Flash forward to last week, where this player put up a stat line of 167 points, 14 three-pointers, 33 rebounds, and only six total turnovers. Did I mention he shot 60.9 percent from the field and 86.4 percent from the free throw stripe?
Last week was also our fantasy league’s championship round. In case you were wondering, my brother took home first place.
This player in question is Carmelo Anthony of the New York Knicks. The stomach-churning tear he went on last week actually crested with him surpassing Oklahoma City’s Kevin Durant by a hair’s breadth for the scoring title lead after their duel on Sunday.
The smart money now has Anthony taking home his first career scoring title over Durant (who has won the title the past three years). My hypothesis on why: Carmelo Anthony cannot see hands.

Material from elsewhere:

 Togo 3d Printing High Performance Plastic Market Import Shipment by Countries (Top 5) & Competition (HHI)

I don’t know how else to explain what I saw from the T.V. in the Daily Trojan Sports Department office last Tuesday. I was sitting on a couch pretending to be engaged in conversation, but really watching Miami’s defensive specialist Shane Battier close out on Anthony over and over again.

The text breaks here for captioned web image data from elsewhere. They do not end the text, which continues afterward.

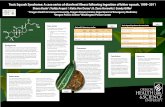 Toxic Squash Syndrome: A case series of diarrheal illness ... · Toxic Squash Syndrome: A case series of diarrheal illness following ingestion of bitter squash, ... of bitter bottle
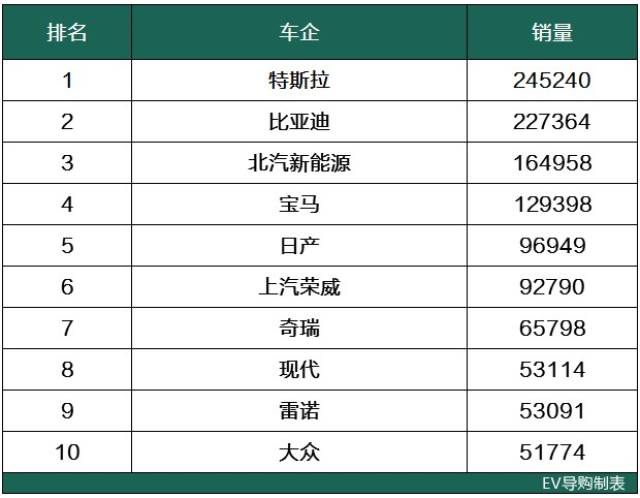 全球十大最畅销电动车排行,自主品牌占了半壁江山!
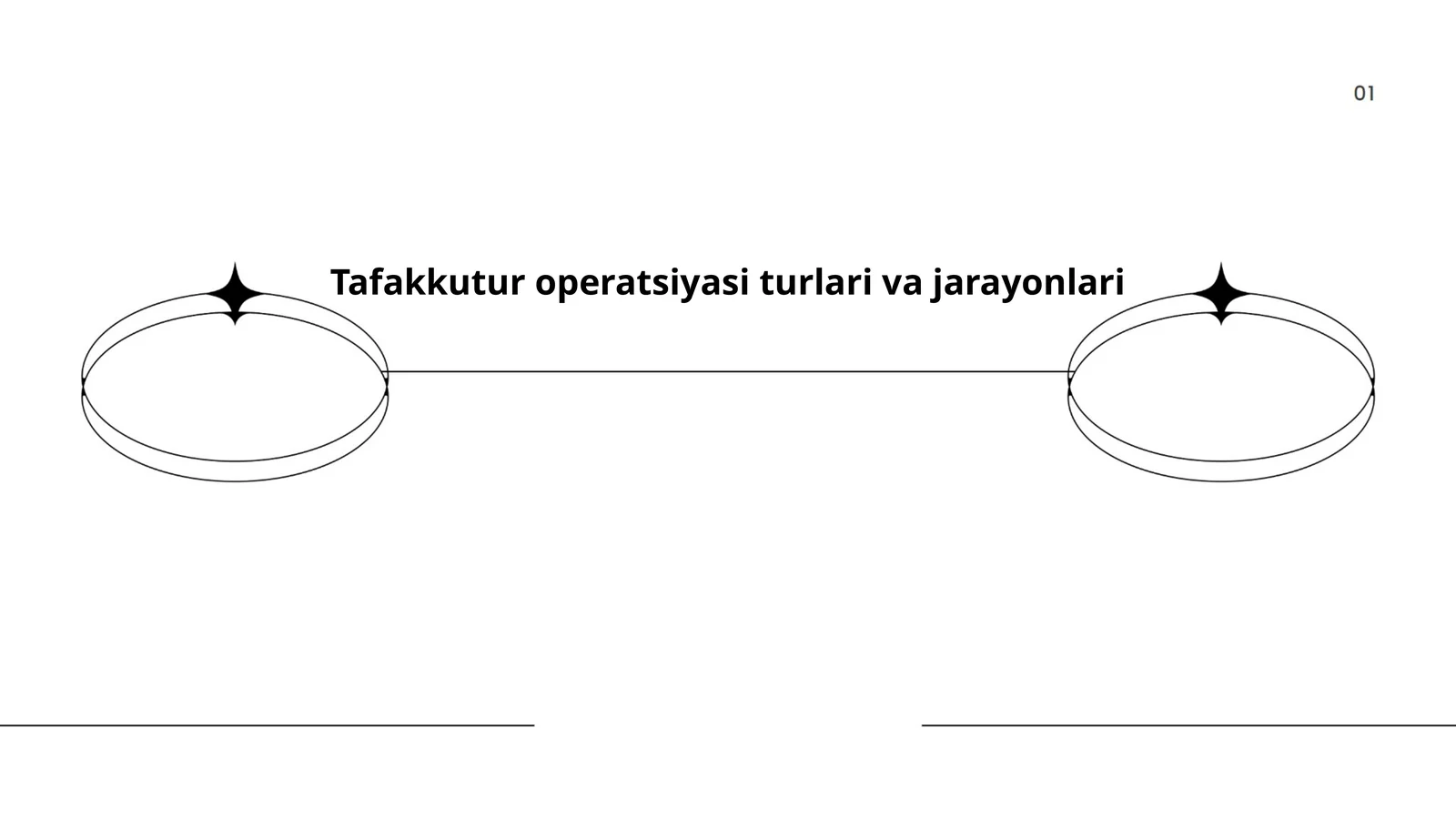 Tafakkutur operatsiyasi turlari va jarayonlari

Battier put a hand in Anthony’s face: 18-footer swish. Then Battier contested a 26-footer, fingertips inches from Melo’s forehead. Nothing but net.
There’s a hand in Anthony’s face, but you get the feeling he doesn’t see it.
I think maybe four of Anthony’s shots hit the rim that night against Miami. The other 14 shots he made that night didn’t. It’s been a similar story ever since. Anthony is on fire in the month of April, averaging 41.7 points a game on 60.9 percent shooting, including an unconscionable 56 percent from beyond the arc.
Which isn’t to say Durant is completely out of the running. Durant is an efficient, consistent scoring machine. All it would take would be a couple subpar starts from Anthony to put Durant right back in the driver’s seat for the scoring title.
However, for Durant, winning a scoring title never seemed like a matter of life and death. For Anthony, who has been characterized as a heartless gunner (and lives up to his billing by launching 22 shots a game), it almost feels like a potential career-defining moment.
A scoring title means much more for Anthony than it does for Durant, even if the former would never testify to the fact publicly. It would firmly re-establish him at or near the top of the NBA landscape after his less-than-illustrious 2011-2012 campaign. It would acknowledge the work he put in during the offseason to come back in better shape. It could even give him the perspective required of a leader at the helm of a playoff charge, and in doing so, possibly give the Miami Heat a tough series in the Eastern Conference Finals.
If the Heat aren’t careful, this could be the summer where Anthony finally “arrives” and rides the ensuing momentum to push the Knicks, winners of 12 straight, to the precipice of the NBA Finals.
It’s all speculation, though. As for what becomes of the Knicks’ current hot streak and their up-and-down season is anybody’s guess. Either way, don’t ask Anthony to predict the future. For now, all he can do is score.